No longer do you have to be a member of an exclusive government organization in order to be a spy, modern technology has made it possible for anyone to be a spy. All you need are the right gadget accessories along with a mysterious coat, hat and sunglasses.
This crazy idea is inspired by the Illustration Friday word of the week, sneaky.
Do you ever get into arguments about what really happened? Do you forget what you did this morning? Would you like to have every moment of your life recorded for use in the documentary you’re sure they will make about you someday?
If so, you need a personal “Real Life” DVR so that you can record everything that happens to you. If you don’t want to record everything, it would still come in handy for taking notes in class and for documentation of your side of an argument.
This crazy idea is inspired by the Illustration Friday word of the week, afterwards.
There is not enough singing during grilling and that is why you need the Spatula-La. The Spatula-La is the singing spatula. It sings as it flips burgers, it sings as it flips potatoes, it even sings as it flips chicken. The only time it doesn’t sing is when it flips onions, it gets just a little too teary eyed to sing.

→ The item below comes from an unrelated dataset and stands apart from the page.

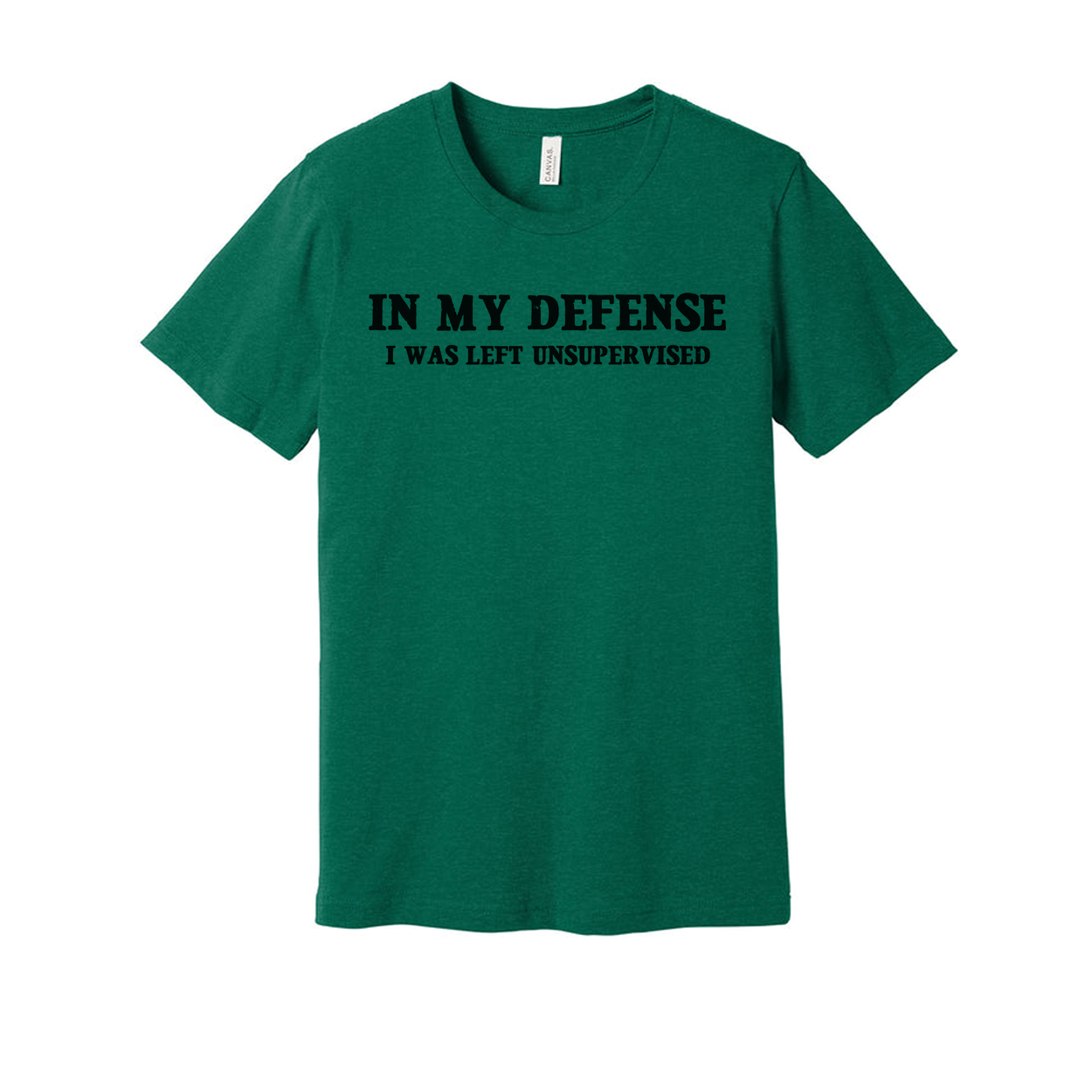 In My Defense I Was Left Unsupervised Unisex T Shirt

I get tired of taking all the extra time to find my toothbrush and tube of toothpaste, and then after I find them going through all the hassle to squirt the toothpaste onto the toothbrush in a perfect toothpaste shape onto the toothbrush. The toothbrush and toothpaste combo builds a tube of toothpaste into the handle of a toothbrush. With the toothbrush and toothpaste combo you can give a little extra squeeze if you need a little extra toothpaste in tomorrow mornings brushing.
TV watching is getting harder all the time. Sure, you have allot more choice. You can watch shows on demand, shows you have Tivo’ed, shows on pay-per-view, iTunes, Hulu, Netflix and there are probably a million other ways to watch a TV show I haven’t listed. But, what about those times when you want to shut down all brain function and just whatever is on the current channel whether it is good or not. For the situations when you want to just sit back and watch random shows based on your mood you need a “Mood Remote”. Pick what kind of mood you are in and what type of programming you want to watch and the mood remote will keep you tuned into shows you will enjoy without creating extra stress for you.
There is a crime wave going unreported. A crime wave of socks – mostly left socks – being stolen from dryers everywhere. The culprits are getting away and the police are too busy to track them down. But you can protect your left socks with the “Dryer Defender”.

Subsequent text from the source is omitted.